Recent Advances in Machine Learning-Enhanced Joint Inversion of Seismic and Electromagnetic Data

Abstract

Seismic and electromagnetic (EM) imaging are essential tools for characterizing velocity and conductivity. However, the separate inversion of seismic and EM data is challenging due to the noisy measurements, inadequate data collection, and reliance on prior information, consequently resulting in uncertainty and ambiguity of the solutions. Moreover, the two methods are different in sensitivity and spatial resolution, making it difficult to discover consistencies in the inverted models. Joint inversion of seismic and EM data takes advantage of both methods and significantly improves the imaging capability of subsurface structures. In this paper, we review various coupling strategies for the joint inversion of seismic and EM data and highlight the application advances from 1-D to 3-D inversion. Specifically, we investigate the integration of machine learning techniques to tackle ill-posed inverse problems and showcase their effectiveness in coupling.
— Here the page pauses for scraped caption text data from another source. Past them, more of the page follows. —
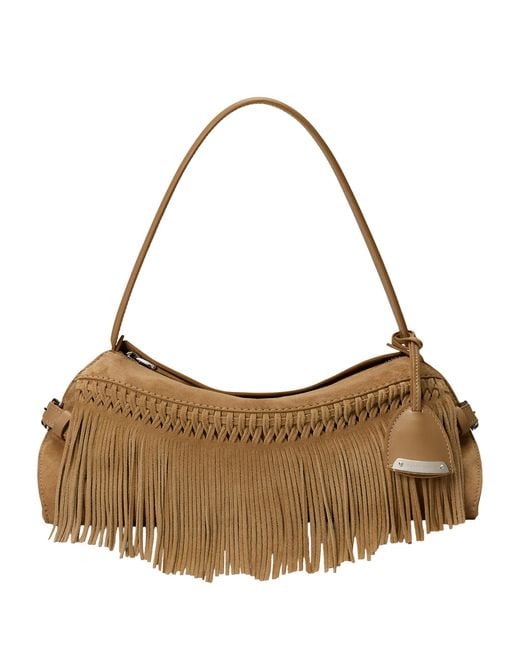 Ralph Lauren Brown Small The Ralph Shoulder Bag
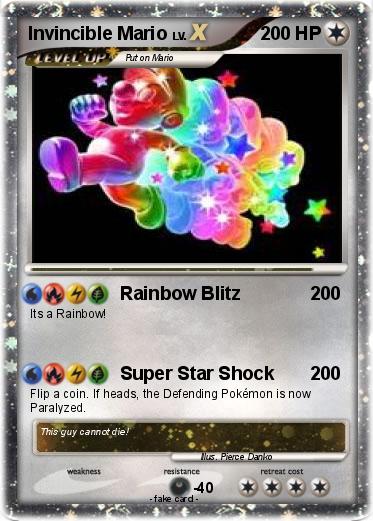Pokemon Invincible Mario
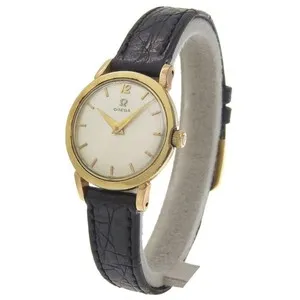 Authentic Celestial Omega: Lady’s Golden Wind‑Tide Timekeeper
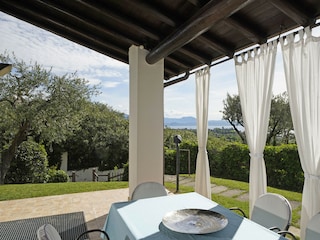 Ferienhaus Soiano del Lago Außenaufnahme 3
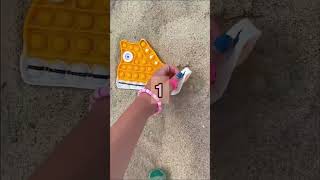 #fidget #fidgettoy #slime #challenge #satisfying #fidgettoys #squishy #fidgets #popit #beach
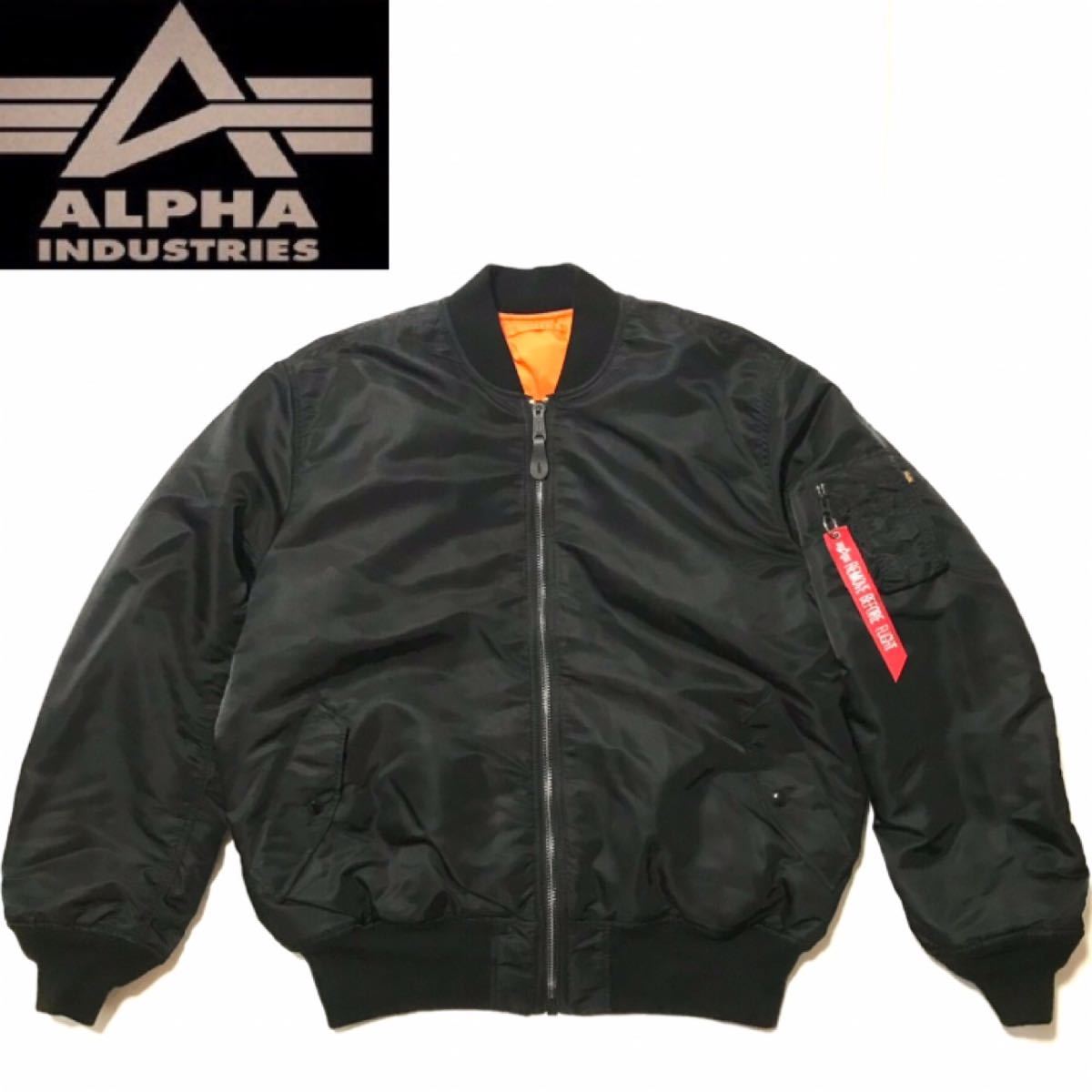 4L XXXXL メンズ ALPHA INDUSTRIES アルファインダストリーズ MA1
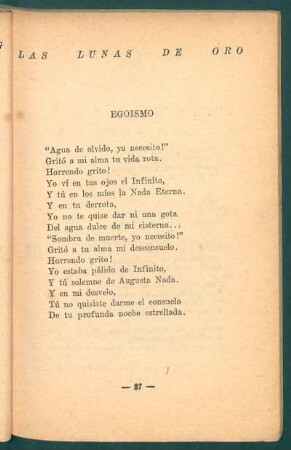 Egoismo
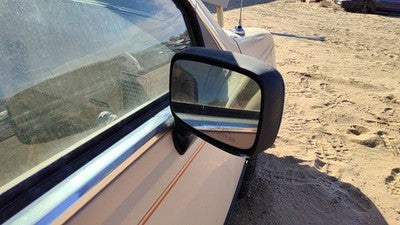 1984 Ford Tempo Passenger Right Manual Side Mirror Door Mounted Oem E43z17696c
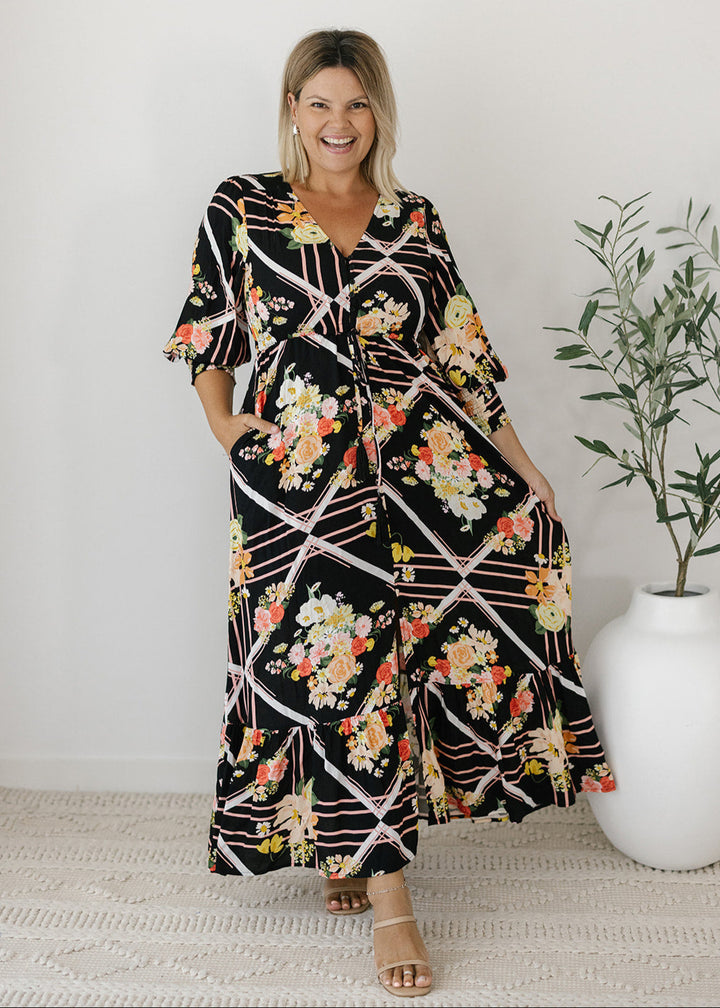 Esme Maxi Dress in Ember
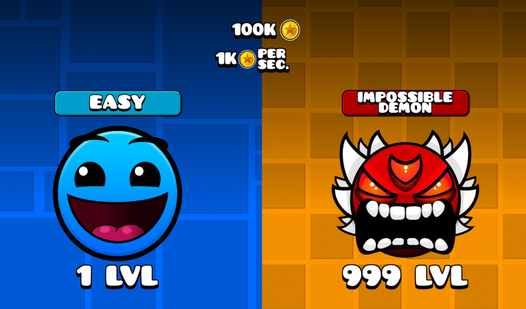 Geometry Dash: Demon Evolution  loading=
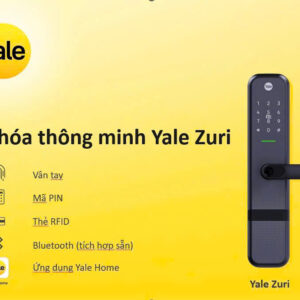 Khóa điện tử YALE YURI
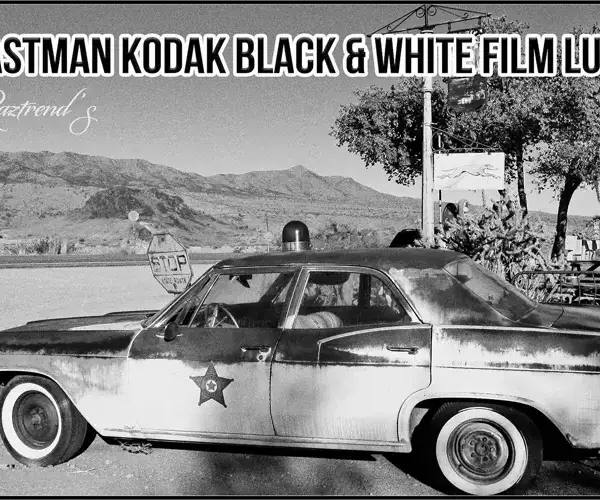 Eastman Kodak Black and White Films LUTs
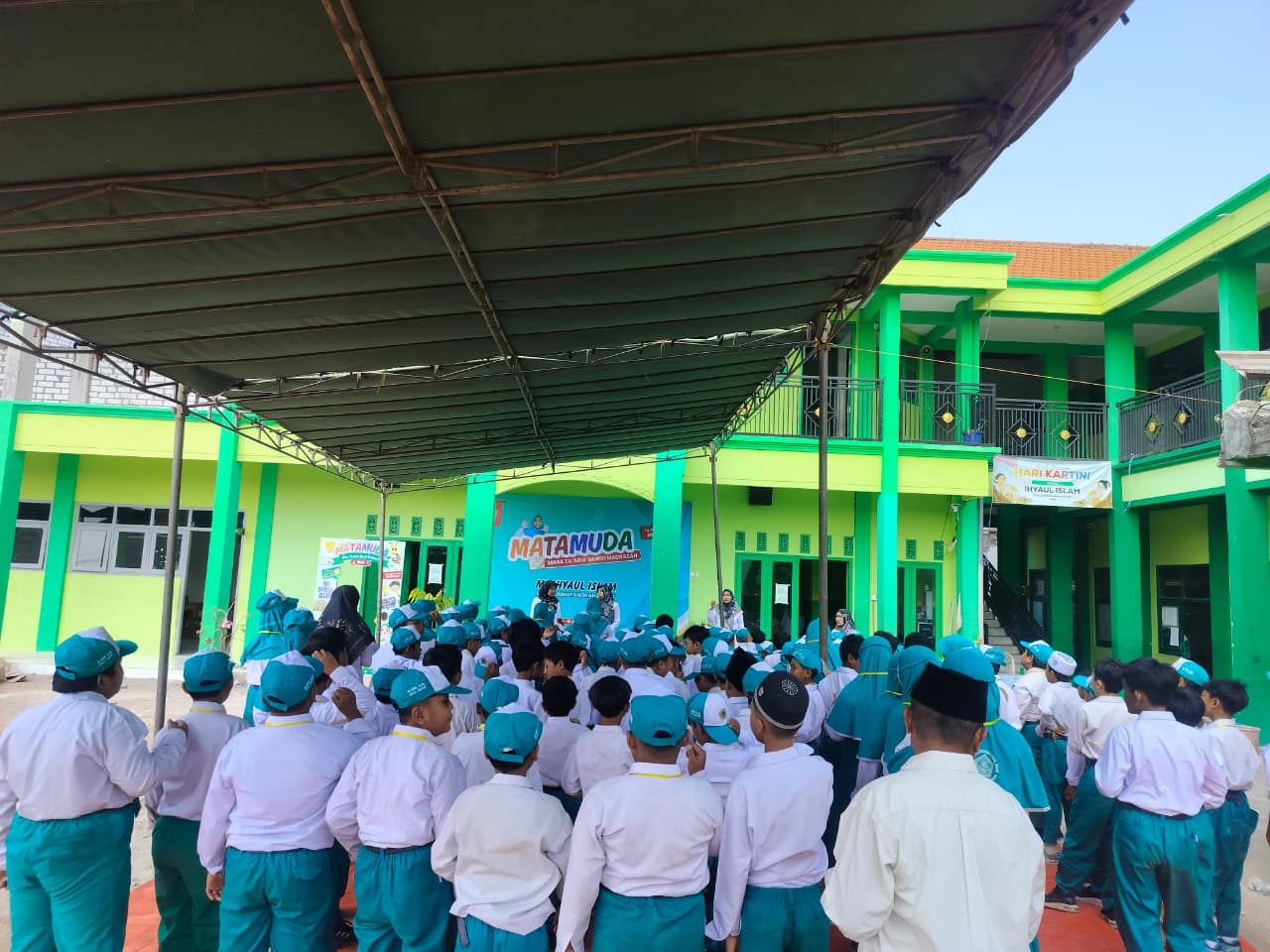 MATAMUDA 2026 MI Ihyaul Islam: Membangun Semangat Belajar dan Karakter Islami Sejak Hari Pertama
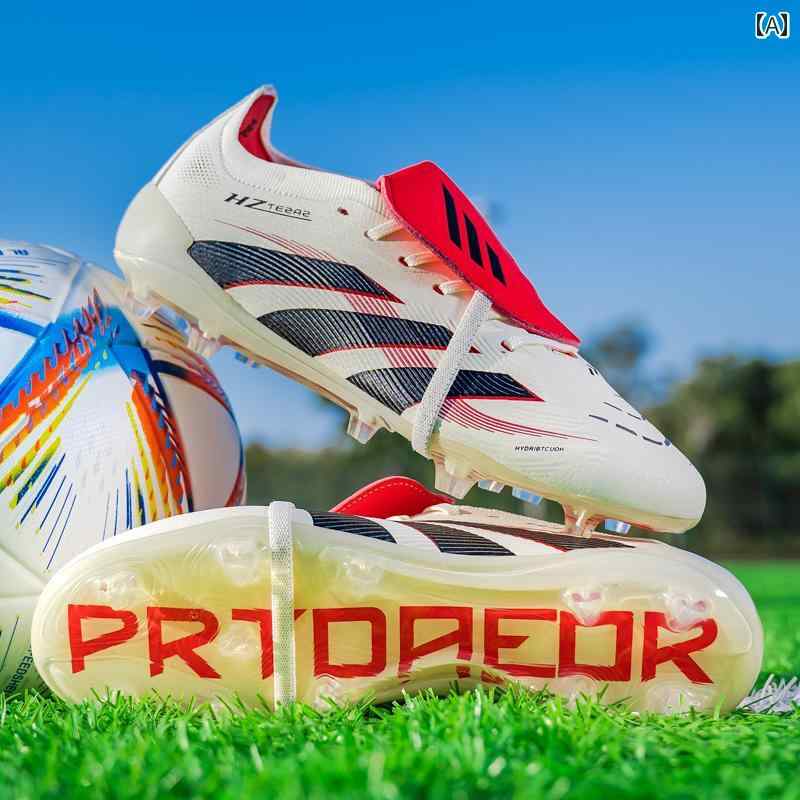 本物の メンズ サッカー シューズ 学生 FG ロング ネイル TF 折れ 爪 F 50 メッシ ファルコン 25 トレーニング 女性用.オシャレ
Following this, we construct a deep-learning-based joint inversion workflow and provide a synthetic test to demonstrate its superiority by applying an attention mechanism, which enhances the model’s capability to focus on specific features within the data. This study proves the potential of integrating artificial intelligence into joint inversion and understanding the deep Earth interior by incorporating multiple geophysical data.